Moreover, to explore the significance of selecting different modeling paradigms or different model structures in developing effective models for DRPSF, a comparative data analysis is conducted, and results are reported in Table VIII. Two analysis settings, DAS1 and DAS2, are designed. In DAS1, testing results in terms of CRPS, NMAE, and NRMSE of all model structures are averaged according to each of four modeling paradigms so that Avg. CRPS, Avg. NMAE, and Avg. NRMSE for each modeling paradigm can be obtained. In DAS2, testing results in terms of CRPS, NMAE, and NRMSE based on all modeling paradigms are averaged according to each of four model structures considered. Then, the Avg. CRPS, Avg. NMAE, and Avg. NRMSE for DAS2 can be obtained. Under such a design, DAS1 represents an analysis paying attention to modeling paradigm while DAS2 represents one paying attention to the model structure selected. One can further compute the standard deviation (St. dev.) and range of obtained Avg. CRPS, Avg. NMAE, and Avg. NRMSE. From Table VIII, it is observable that the standard deviation and range based on selecting modeling paradigms are much higher than those of selecting model structures. This finding implies that a careful selection of modeling paradigms can generate a higher impact on obtaining better DRPSF forecasting results than selecting model structures. Meanwhile, as reported in Tables III-VI, in most cases, the DIFL paradigm obtains comparable or better performance based on model structures considered. Hence, the value and effectiveness of the DIFL is further validated.

TABLE IX
Performance of constructed PIs with PINC = 0.9
WFD SPD
gi(•) Method PICP PINAW ACE PICP PINAW ACE
LSTM RPF-local 0.879 0.528 −0.021 0.921 0.225 0.021
RPF-full 0.855 0.519 −0.045 0.843 0.263 −0.057
FedAvg 0.855 0.464 −0.045 0.931 0.225 0.031
DIFL 0.892 0.542 −0.008 0.934 0.225 0.034
GRU RPF-local 0.893 0.571 −0.007 0.943 0.248 0.043
RPF-full 0.818 0.371 −0.082 0.870 0.294 −0.030
FedAvg 0.851 0.472 −0.049 0.934 0.244 0.034
DIFL 0.901 0.533 0.001 0.938 0.235 0.038
CNN RPF-local 0.822 0.418 −0.078 0.930 0.233 0.030
RPF-full 0.815 0.364 −0.085 0.855 0.279 −0.045
FedAvg 0.896 0.658 −0.004 0.932 0.225 0.032
DIFL 0.879 0.519 −0.021 0.937 0.236 0.037
DNN RPF-local 0.878 0.549 −0.022 0.916 0.284 0.016
RPF-full 0.894 0.648 −0.006 0.837 0.291 −0.043
FedAvg 0.875 0.545 −0.025 0.918 0.280 0.018
DIFL 0.877 0.515 −0.023 0.936 0.293 0.036

To further evaluate the performance, the PICP and PINAW of the prediction intervals generated by the estimated PDF of various modeling paradigms are presented next via setting PINC to 0.9. The results are shown in Table IX. It is observable that the DIFL method obtains the best or second best PICP and moderate level of PINAW in most scenarios.

TABLE X
Performance of constructed PIs with PINC = 0.9
WFD SPD
gi(•) Method SPING SUMMER AUTUMN WINTER SPING SUMMER AUTUMN WINTER
LSTM RPF-local 0.188 0.124 0.145 0.103 0.069 0.059 0.038 0.029
RPF-full 0.170 0.127 0.145 0.134 0.067 0.056 0.032 0.041
FedAvg 0.151 0.119 0.140 0.122 0.069 0.063 0.031 0.030
DIFL 0.145 0.121 0.132 0.122 0.067 0.059 0.030 0.028

To visualize the obtained PIs of the DIFL, the PIs constructed by the RPF-local, DIFL and FedAvg are plotted using LSTM as the feature extractor based on datasets WFD and SPD in FIGS. 5 and 6 respectively. It is observable that PIs constructed by DIFL better fits to the power generation sequence. Meanwhile, the relationship between PICP and PINAW is also plotted based on randomly selected power plants in testing set of learning paradigms in FIG. 7. It is observable that the PICP converges to 1 when PINAW approaches the normalized upper bound of the wind speed and the DIFL could receive the similar PICP with a much smaller PINAW.

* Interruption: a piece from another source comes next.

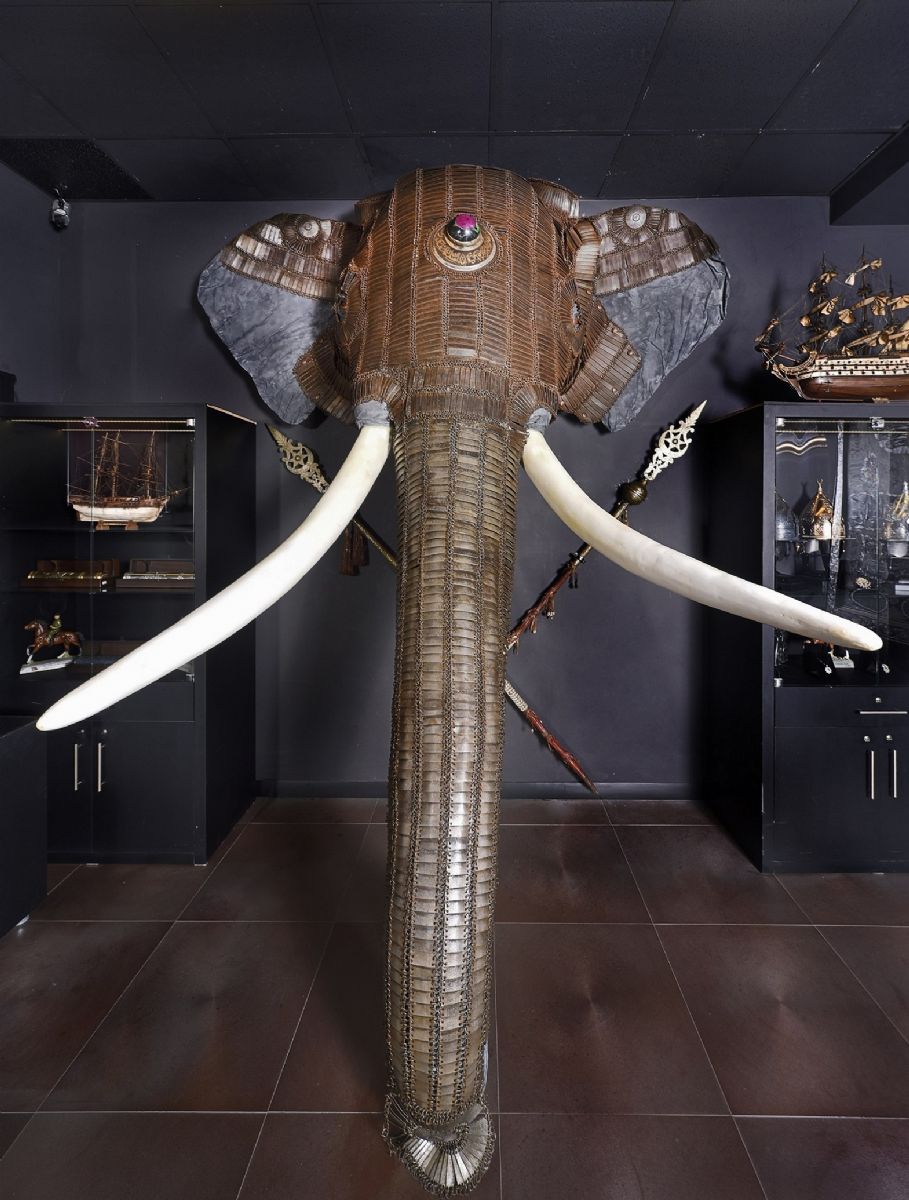 Osmanlı dönemine ait fil zırhı ilk kez sergilenmeye başladı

Finally, the robustness of DIFL is examined via performance evaluation under different seasons. Based on computational results aforementioned, the LSTM is considered as a quality candidate for gi(·). Four modeling paradigms, RPF-local, RPF-full, FedAvg, and DIFL, are applied and compared. Results are reported in Table VIII. As shown in Table X, the DIFL still offers the best framework in most scenarios. Hence, DIFL is relatively less vulnerable by the season changes compared with other three baselines. Taking the above experiments into consideration, it can be concluded that DIFL obtains the state of the art performance in RPF tasks considered in this study.

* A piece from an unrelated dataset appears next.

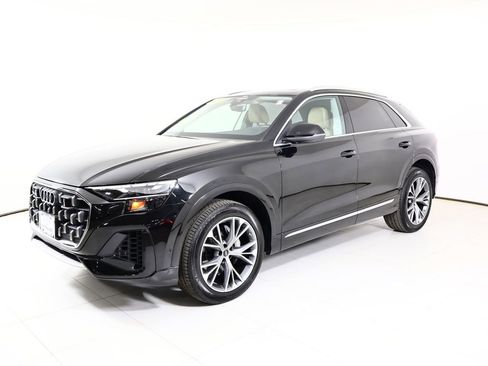 Used 2024 Audi Q8 Premium Plus w/ Premium Plus Package image 11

In summary, one can see that the above exemplary embodiment provides a novel domain-invariant feature learning-based framework was developed to address a challenging but more advanced task, day-ahead probabilistic renewable power sequence forecasting with privacy preserving. The DIFL method enabled knowledge sharing among multiple sites without disclosing local data at each site. The DIFL consisted of multiple clients and a server. In each client, a feature extractor was developed to encode the input to latent features, and a probabilistic estimator was designed to provide probabilistic forecast according to the extracted latent features. On the other hand, the server was developed for two purposes: 1) aggregating the knowledge of local models and dispatching the aggregated parameters back to the clients, while 2) helping the feature extractors to generate domain invariant features via distinguishing the domain label of the features using a discriminator.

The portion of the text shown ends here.